▶ [PROVIDED RECORDS]:
● ● ● ●
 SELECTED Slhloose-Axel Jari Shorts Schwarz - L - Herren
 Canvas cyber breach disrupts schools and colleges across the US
● ● ● ●
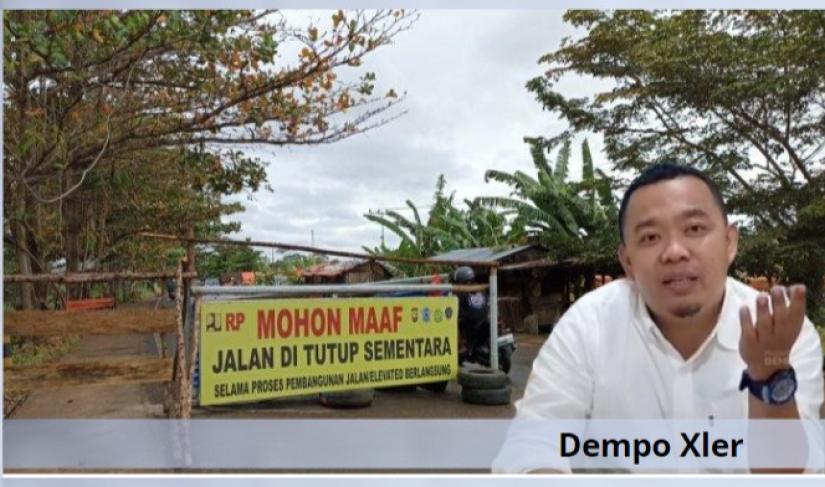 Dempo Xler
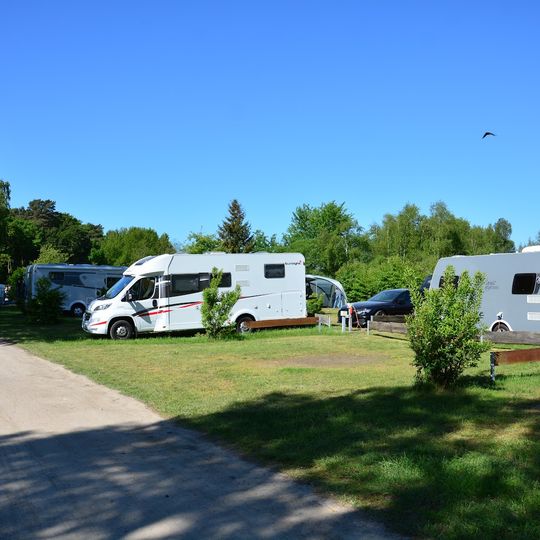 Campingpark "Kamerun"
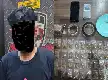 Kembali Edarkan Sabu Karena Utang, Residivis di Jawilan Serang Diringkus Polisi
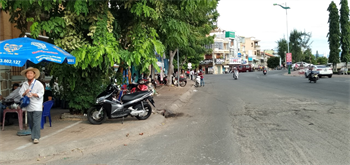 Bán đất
● ● ● ●
▶ [WHAT IS NEEDED]:
Looking back over the data above, restate word for word the lines that begin at the line with "SELECTED Slhloose-Axel Jari" and end at the line with "Canvas cyber breach", inclusive.

▶ [RESPONSE TO THIS TASK]:
 SELECTED Slhloose-Axel Jari Shorts Schwarz - L - Herren
 Canvas cyber breach disrupts schools and colleges across the US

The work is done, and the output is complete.